Of course, the real question is to ask not what Gen-AI can do for you but what can you do without Gen-AI because the doctor would argue that you don’t need Gen-AI for any of this and that the non-Gen-AI solutions are better and more economical!

Let’s take these valid uses one-by-one:

1. You could hire a virtual admin assistant / AP clerk in the Phillippines, Thailand, or some other developing country with okay English skills to do that for 1K a month!
Furthermore, this full time worker could also respond to other, more generic, requests as well, and do some meaningful work, such as properly transcribing hand-written invoices (or correcting OCR errors), etc. And give your employees the comfort of a real, dependable, human for a fraction of the cost of that overpriced AI bullsh!t they are trying to shove down your throat.

2. Classic “AI” that works on key phrases in the hands of the admin assistant will work just as well.
It will find the most appropriate data, and then the admin can verify that the question can be answered by the paragraph(s) included in the RFP, or that the sales person actually read the RFP and is asking for a clarification on the text, or a more detailed specification. The sales person gets the desired response the first time, no time is wasted, and you haven’t p!ssed off the sales person by forcing him to interact with an artificially idiotic bot.

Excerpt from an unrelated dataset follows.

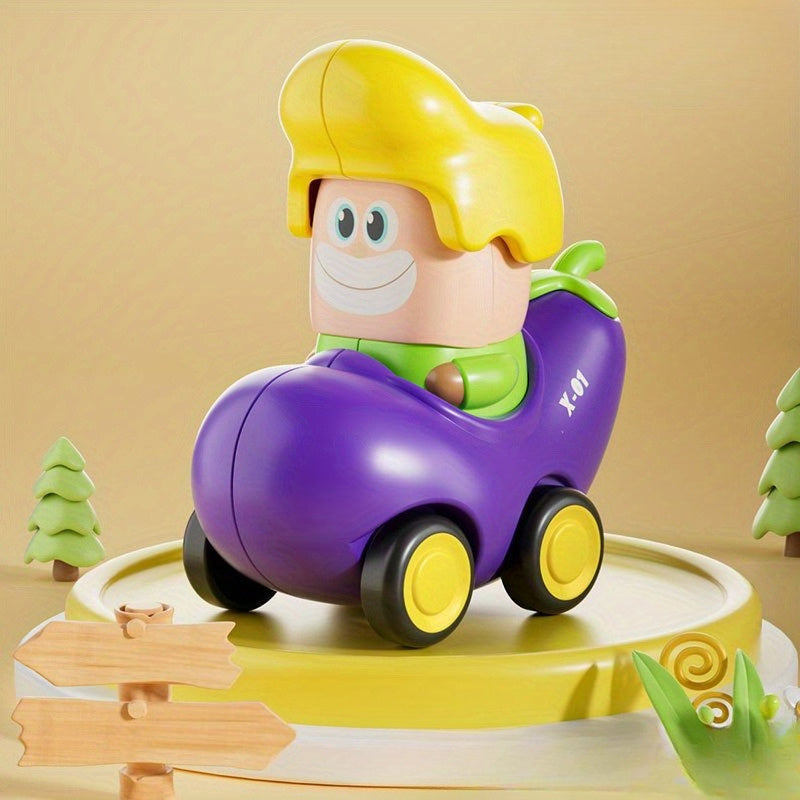 Fruit Theme Cartoon Car Toy Set Mini Push Inertia Pull Back Sliding Cars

3. When they said the best things in life are free, they weren’t referring to vendor RFPs.
In fact, those free RFPs and spec sheets will be the most expensive documents you ever handle. Every single one was designed to lock you into the vendor’s solution because every single one focussed not on what a customer needed, but the capabilities and, most importantly, features that were most unique to the vendor. So if you use those RFPs and sheets, you will end up selecting that vendor, be that vendor right, or wrong, for you. The best RFPs and spec sheets are the ones created by you, or at least an independent consultant or analyst working in your best interest. No AI can do this — only an intelligent human that can do a proper needs, platform, and gap analysis and translate that into proper requirements.

4. Okay, you need AI for this … but … traditional, now classic, AI could do that quite well.
Modern Gen-AI doesn’t do any better, and the amount of human verified documents and data you need to sufficiently train the new LLMs to be as accurate as traditional, now classic, AI, is more than all but a handful of organizations have. So you’re going to pay more (both for the tech and the compute time) to get less. Why? In what world does that make sense?

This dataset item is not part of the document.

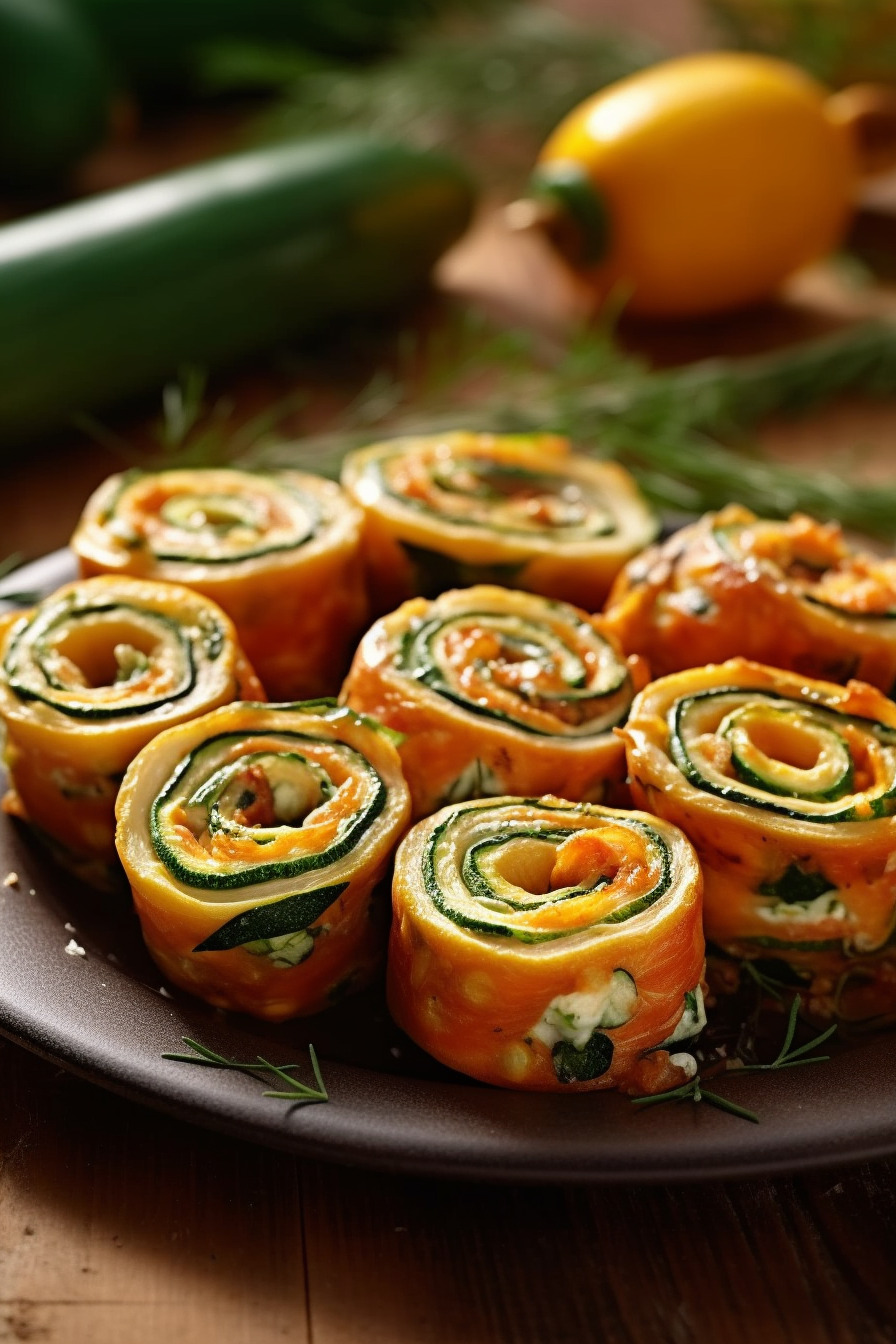 Zucchini-Feta-Röllchen auf einem Buffet.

5. Okay, you need NLP at a minimum for this, but you don’t need more. And you barely need AI.
All you have to do is is use classical NLP to identify clause types, do weighted comparisons to standard clauses, analyze sentence structures and gauge intent, and identify clauses that are missing, deviating from standard, and not present in standard contracts. And, as per our last use, do it just as well without needing nearly as much data to effectively train. Leading contracts analytics vendors have been doing this for over a decade.

6. Even first generation e-Procurement platforms could encode rules for auto-approval, auto-denial, and conditional workflows.
In other words, you just need the rules-based automation that we’ve had for decades. And every e-Procurement, Catalog Management, and Tail Spend application does this.

7. Any semi-modern reporting or analytics platforms can allow the templates to be customized to any level of detail or summary desired.
And if you have a modern spend analysis platform, this is super easy. Furthermore, if your C-Suite is filled entirely with accountants, bankers, and lawyers who don’t understand what the business does, because they fired all the STEM professionals who understood what the business actually does, then your organization has a much bigger problem than reporting.

In other words, there isn’t a single use case where you actually need Gen-AI, as traditional approaches not only get the job done in each of these situations, but traditional approaches do it better, cheaper, and more reliably with zero chance of hallucination.

At the end of the day you want a real solution that solves a real problem. And the best way to identify such a solution is to remember that Gen-AI is really short for GENerated Artificial Idiocy. So if you want a real solution that solves a real problem, simply avoid any solution that puts AI first. This way you won’t get a “solution” that is:

  • Artificial Idiocy enabled
  • Artificial Idiocy backed
  • Artificial Idiocy enhanced
  • Artificial Idiocy driven

As Sarah Scudder noted on “AI is a buzzword“, AI is a delivery mechanism which, scientifically speaking, is a method by which the virus spreads itself. This is probably the best non-technical description of what AI is ever! And the best explanation of why you should never trust AI!

Valid Uses for Gen-AI!

the doctor has been told he’s too hard on Gen-AI. He doesn’t think he’s hard enough, but there are those who keep insisting that Gen-AI has some valid uses. And they’re right, it has some. Not the uses that you need it for, but actual uses nonetheless.

So today, in a rare moment of weakness, he’s going to acknowledge those uses. Soak it in. He may never do so again.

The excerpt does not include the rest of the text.